**Work to be completed:**
Please repeat the entire listing verbatim and keep the pictures out.

**Data shown:**

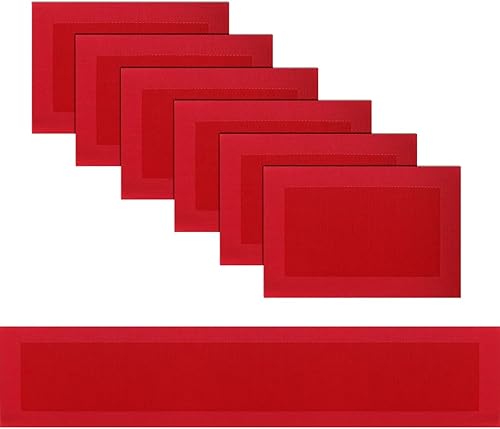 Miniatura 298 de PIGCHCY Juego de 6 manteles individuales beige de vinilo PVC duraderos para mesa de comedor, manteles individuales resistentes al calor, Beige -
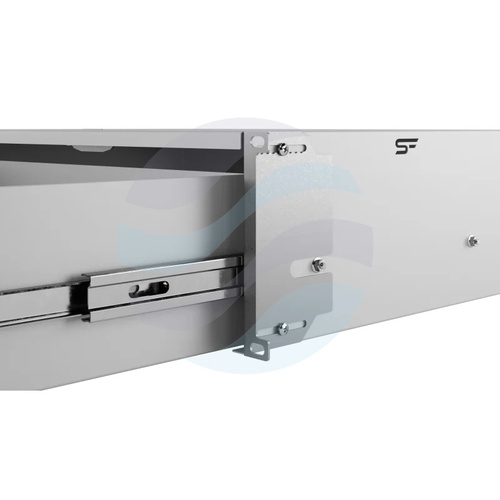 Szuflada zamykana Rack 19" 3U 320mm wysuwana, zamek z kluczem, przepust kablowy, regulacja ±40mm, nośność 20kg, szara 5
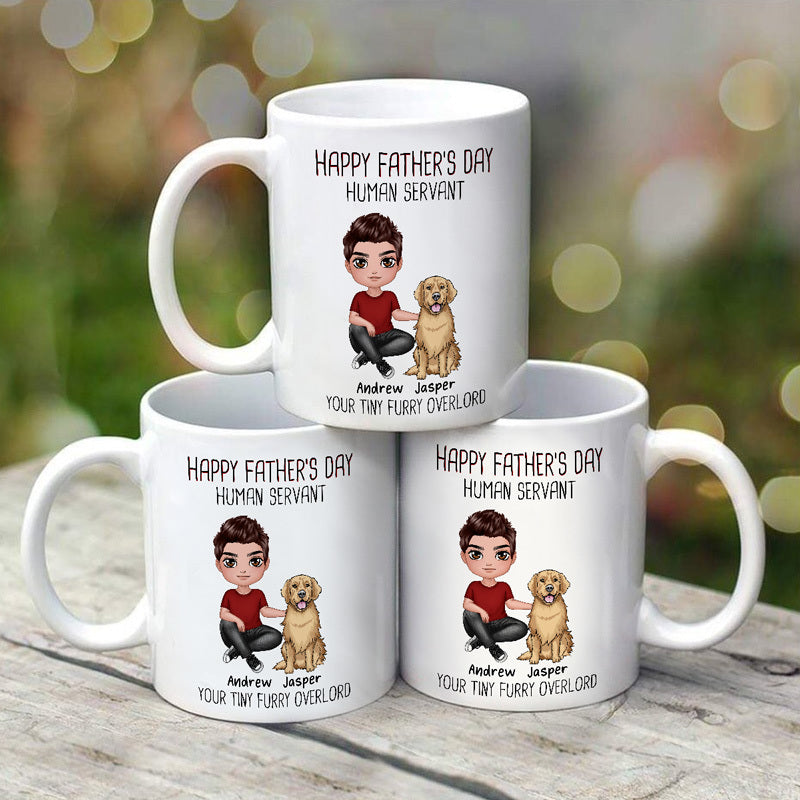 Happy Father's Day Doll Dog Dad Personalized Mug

**Output of the exercise:**
 Miniatura 298 de PIGCHCY Juego de 6 manteles individuales beige de vinilo PVC duraderos para mesa de comedor, manteles individuales resistentes al calor, Beige -
 Szuflada zamykana Rack 19" 3U 320mm wysuwana, zamek z kluczem, przepust kablowy, regulacja ±40mm, nośność 20kg, szara 5
 Happy Father's Day Doll Dog Dad Personalized Mug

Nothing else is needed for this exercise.